Remember, a healthy Monstera that has as much light, water, food, and humidity as it needs will grow holey leaves as soon as it is old enough and large enough. Don’t expect it to start before it gets big, though!
How Often Do New Leaves Grow?
This depends on how healthy your plant is, how much access it has to the resources it needs, and how old it is. Mature Monstera plants grow more leaves, but in the early years, your Monstera will probably develop one new leaf every month or two.
The plant should also continue to grow both horizontally and vertically, widening its spread and reaching higher. Some Monstera plants grow up to eight feet tall, so be prepared for this if you have one!
The leaves should also increase in size steadily, and some can get to around eighteen inches across. It can be fun to measure them and see what the largest is on your plant.

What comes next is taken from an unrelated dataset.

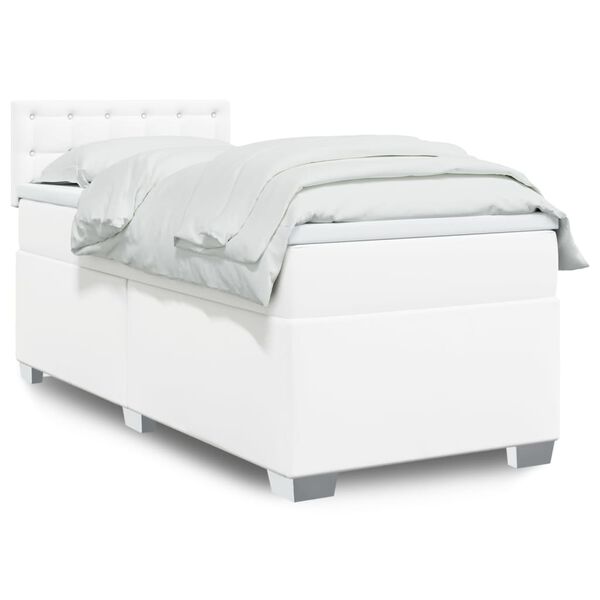 vidaXL Box Spring Bed with Mattress White 90x200 cm Faux Leather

If your Monstera seems to be growing very slowly, you should try and run through its list of basic needs. Does it have enough light, food, water, and humidity? Is it falling into shade for most of the day?
Try topping up its fertilizer, moving the plant a bit closer to the window, or installing a grow light to give it a boost, especially in the winter months.
Monstera leaves will not split until the plant is around two or three years old. It must also be large enough for there to be an advantage to splitting its leaves. When it is young, the lower foliage is not blocked from the light by the upper foliage, so these splits are not necessary.